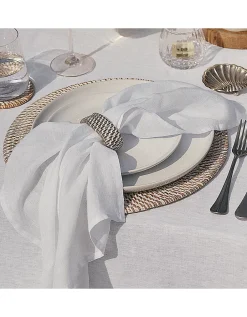 Whitewashed Rattan Napkin Rings – Set of 4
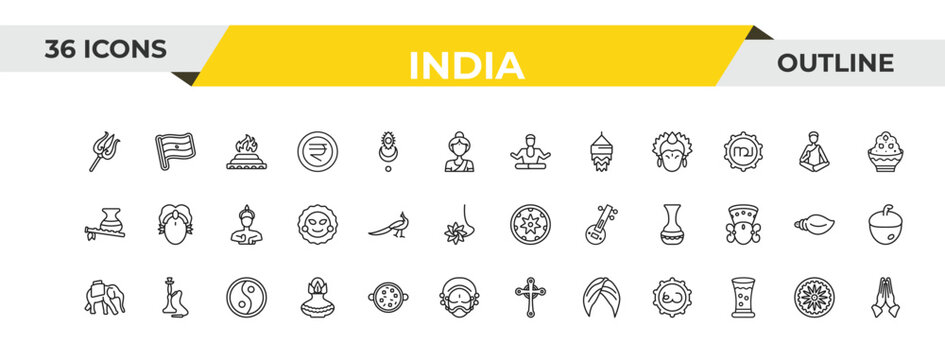 outline india icons set - brahman, peacock, sarnaism. editable vector for web and mobile ui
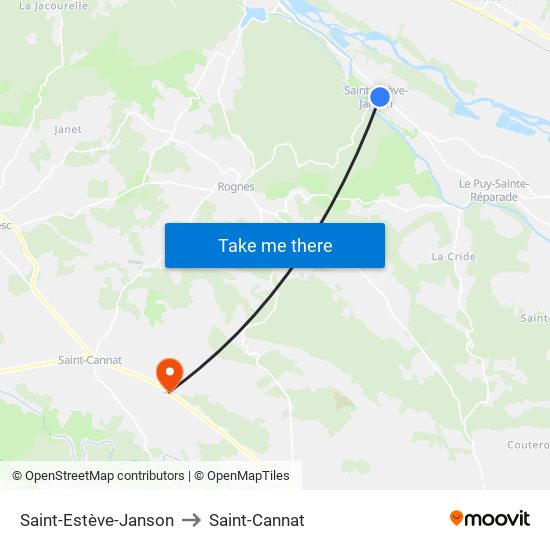 Saint-Estève-Janson to Saint-Cannat map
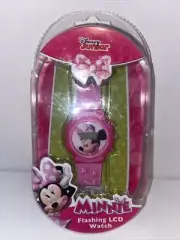 Disney Minnie Mouse Flashing LCD Kids Watch Pink NIB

**BRIEF:** In your copy of the data above, leave out the pictures and repeat everything else exactly.

**WRITTEN SOLUTION:**
 Whitewashed Rattan Napkin Rings – Set of 4
 outline india icons set - brahman, peacock, sarnaism. editable vector for web and mobile ui
 Saint-Estève-Janson to Saint-Cannat map
 Disney Minnie Mouse Flashing LCD Kids Watch Pink NIB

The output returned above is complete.